Is Prime Minister Modi willing to take some political risk and spend some of his newly acquired political capital on his economic agenda, asks OppenheimerFunds CIO Krishna Memani.

  • At times, it will even require him to go against the wishes of a significant part of his party and the broader Sangh Parivar.
  • Without that political commitment, the likelihood of passing new significant reforms on contentious areas of labour, land, and capital would be impossible.
  • But if he is successful, the rewards are going to be huge for the Indian people as well as his political party.

India and the world are waiting.

7. Cement Prices Continue Rising

Cement prices rose for the fifth straight month in May even as price corrections in the drought-affected south India kept overall gains in check.

  • All-India cement prices jumped 3 percent to Rs 372 per 50 kg bag on a monthly basis after the price hikes in north and west, according to a BloombergQuint survey of 17 dealers across five regions.
  • “Prices are expected to correct going forward, especially in the southern region with the onset of monsoon,” Cement Expert Sanjay Ladiwala said, adding that cement prices are now at their peak and have already started facing pressure due to slowing construction activity.

Here are the regions that lead the price hike.

8. Procurement Of Pulses, Oilseeds At Record High

The government procured record amounts of oilseeds and pulses in 2018-19 to support farmers, who have seen incomes plummet in the face of rising supply and falling prices of key agricultural commodities.

  • Nearly 5.8 million tonnes of oilseeds and pulses were procured in FY19, more than twice the 2.8 million tonnes procured in FY18.
  • NAFED is the largest nodal agency for procurement of pulses and oilseeds under the government’s price support scheme.
  • Under the scheme, procurement is undertaken if the market price of stocks remains at or below the declared minimum support price.

The increased procurement came against the backdrop of continued strong production of these commodities and low prices.

9. The Adani Coal Mine Numbers Don’t Add Up

Is the world’s most bitterly contested coal mine finally getting the go-ahead? After the opposition Labor party suffered heavy losses in coal-mining regions in Saturday’s Australian federal elections, Adani's Carmichael project looks to be getting closer than ever to approval. There's a rarely discussed problem with this, though: The numbers on Carmichael don’t stack up – and haven't for most of the past decade, writes David Fickling.

  • Going by the energy content of coal and its price, Carmichael should get you something like $660 million of annual revenue.
  • Subtract the costs of blasting, shoveling, washing, blending and loading the coal. Then adjust that for the cost of transporting the coal to port on third-party networks. Then consider the cost of building the mine and a separate 200 kilometer railway line.
  • Over that you have bonds to fund with debt: let's assume you depreciate over 30 years and amortise over 10 and the result is $250 million.

But add all costs and Adani is losing $220 million a year.

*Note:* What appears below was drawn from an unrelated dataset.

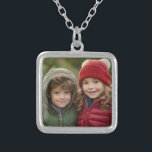 Colar Banhado A Prata Foto Simples Quadrada - Criar Um Keepsasaame<br><div class="desc">Uma modelo simples para carregar uma foto quadrada. Esta design minimalista inclui apenas uma fotografia. Se precisar ajustar o trabalho de arte,  clique na área personalizar. Isso o levará à ferramenta design onde você pode fazer muitas mudanças.</div>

So why is everyone so adamant about the mine?

10. Theresa May Breaks Down As She Decides To Quit

An emotional Theresa May announced she will quit as Britain’s prime minister after admitting she had failed to deliver the one task that defined her time in office -- taking the country out of the European Union.

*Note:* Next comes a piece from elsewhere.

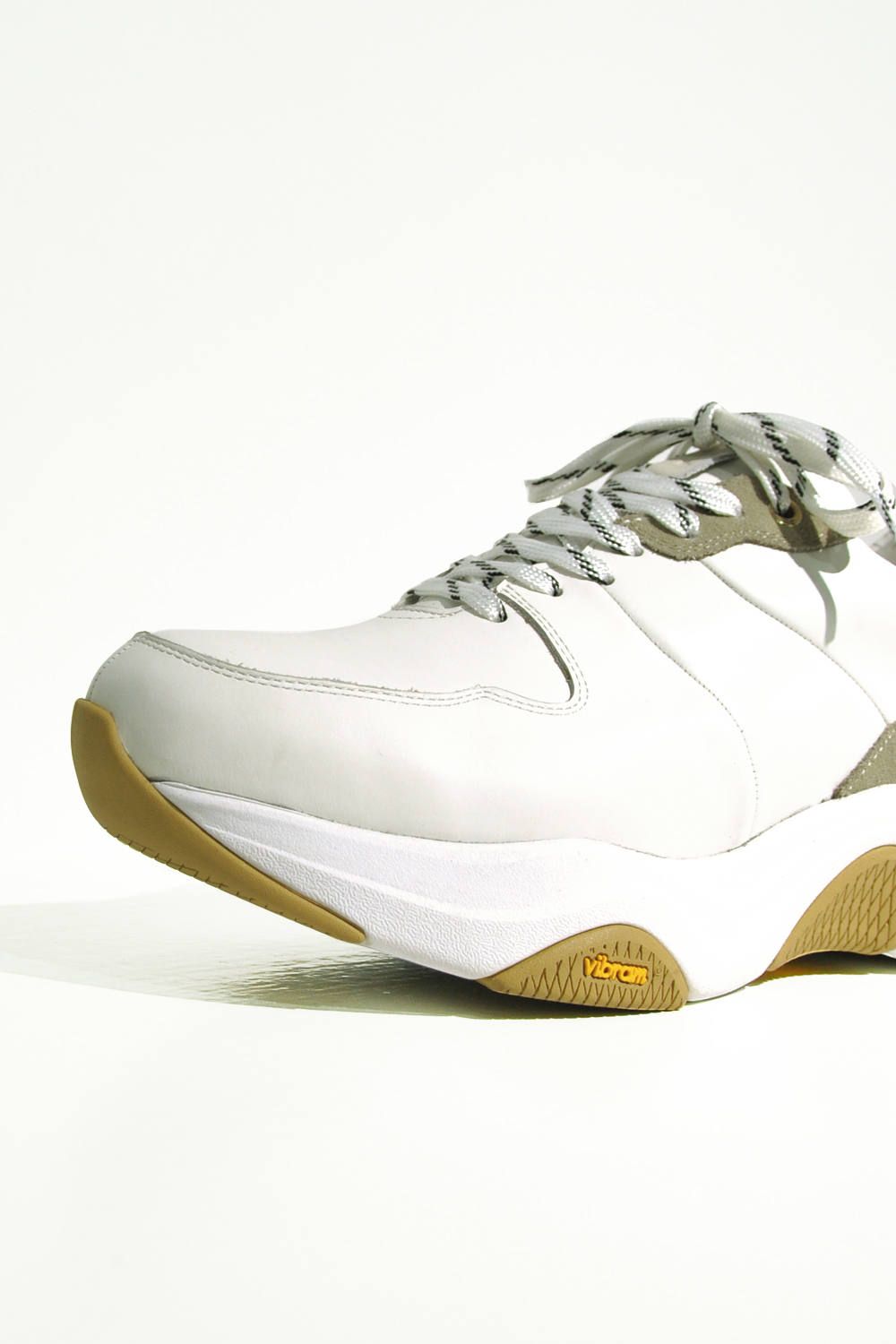 Hole cut sneakers L2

  • “I have done my best,” May said in a statement to cameras in the sunshine outside her Downing Street offices. “It is, and will always remain, a matter of deep regret to me that I have not been able to deliver Brexit.”
  • May said Britain now needs a new prime minister to take over and try to complete the task that has defeated her.
  • She will stand down as Conservative Party leader on June 7, with a leadership contest formally beginning the following week.

May’s decision heralds the end of a turbulent, three-year premiership marked by bitter divisions.